L’augmentation des prix payés aux paysans est un premier effet notable de l’accompagnement l’ Avsf à la coopérative Fanohana. Elle est par ailleurs devenue la 1ère organisation du pays à exporter directement sa production de litchi, source de fierté de ses adhérents. L’organisation est parvenue à collecter le litchi de ses producteurs associés à un prix de 600 Ar/kg (environ 0,21 €) durant toute la campagne, alors que les acheteurs locaux payaient 500 Ar/kg (0,18 €) en début de campagne, puis baissaient leurs prix jusqu’à atteindre 300 Ar/kg en fin de campagne (0,11 €). Ces prix plus élevés ont amené les producteurs adhérents à mieux prendre soin de la qualité de leurs cultures et à renouveler leur matériel végétal. Les succès rencontrés par les membres ont incité d’autres paysans issus des communautés voisines à rejoindre la coopérative. L’organisation a ainsi vu sa base sociale passer de 152 familles membres en 2011 à 361 en 2013.
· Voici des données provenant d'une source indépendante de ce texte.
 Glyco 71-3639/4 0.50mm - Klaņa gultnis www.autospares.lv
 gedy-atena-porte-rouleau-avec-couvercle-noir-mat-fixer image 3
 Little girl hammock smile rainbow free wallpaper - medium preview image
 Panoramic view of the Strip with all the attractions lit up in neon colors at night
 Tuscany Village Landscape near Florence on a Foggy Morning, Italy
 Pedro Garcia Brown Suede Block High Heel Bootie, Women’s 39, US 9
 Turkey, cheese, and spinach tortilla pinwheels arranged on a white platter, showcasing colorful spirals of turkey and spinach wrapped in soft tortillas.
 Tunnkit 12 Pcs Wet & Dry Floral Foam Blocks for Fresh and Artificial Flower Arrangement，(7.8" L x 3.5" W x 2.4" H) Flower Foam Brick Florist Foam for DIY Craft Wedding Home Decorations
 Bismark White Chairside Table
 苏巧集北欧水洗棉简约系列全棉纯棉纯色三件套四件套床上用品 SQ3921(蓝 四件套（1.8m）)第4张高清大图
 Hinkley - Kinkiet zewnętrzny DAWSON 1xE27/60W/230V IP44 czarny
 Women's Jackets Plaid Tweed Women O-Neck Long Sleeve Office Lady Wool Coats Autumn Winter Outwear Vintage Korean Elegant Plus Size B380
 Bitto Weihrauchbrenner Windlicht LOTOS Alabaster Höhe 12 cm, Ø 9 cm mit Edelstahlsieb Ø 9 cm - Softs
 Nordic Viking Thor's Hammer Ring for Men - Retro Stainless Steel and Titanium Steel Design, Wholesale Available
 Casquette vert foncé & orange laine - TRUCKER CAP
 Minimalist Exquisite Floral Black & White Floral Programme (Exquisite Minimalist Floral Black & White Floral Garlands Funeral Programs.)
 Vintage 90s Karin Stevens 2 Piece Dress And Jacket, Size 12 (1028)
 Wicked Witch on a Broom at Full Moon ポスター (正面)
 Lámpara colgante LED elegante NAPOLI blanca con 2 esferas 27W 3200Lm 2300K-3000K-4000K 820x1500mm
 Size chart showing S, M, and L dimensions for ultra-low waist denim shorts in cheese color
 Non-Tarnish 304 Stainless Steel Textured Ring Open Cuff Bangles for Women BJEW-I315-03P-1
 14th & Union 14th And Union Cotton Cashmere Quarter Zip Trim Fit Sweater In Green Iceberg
Outre l’augmentation progressive des revenus des familles membres de la coopérative, Fanohana est devenu un acteur local du développement communautaire, grâce à l’utilisation de la prime du commerce équitable : 17 millions d’Ar en 2011 (environ 6 000 €) et 34 millions d’Ar en 2012 (environ 12 140 €). Celle-ci a permis la mise en place de greniers à riz, la réfection d’une salle de classe, le paiement des salaires de deux enseignants, l’organisation d’une action de reboisement, la construction d’une cuisine pour un dispensaire communautaire, d’un pont et la réfection de pistes rurales.
Le développement des activités de la coopérative a également engendré la création d’emplois : une équipe technique assurant la gestion de la coopérative (gérant, secrétaire comptable, responsable magasin et deux ouvriers), mais également une équipe de préparateurs pour la vanille et les épices qui peut compter jusqu’à 40 ouvriers journaliers.
Au vu des résultats commerciaux et financiers des dernières campagnes, la coopérative Fanohana est aujourd’hui en mesure d’offrir à davantage de familles paysannes un service en constante amélioration, et prévoit sa totale autonomie financière cette année.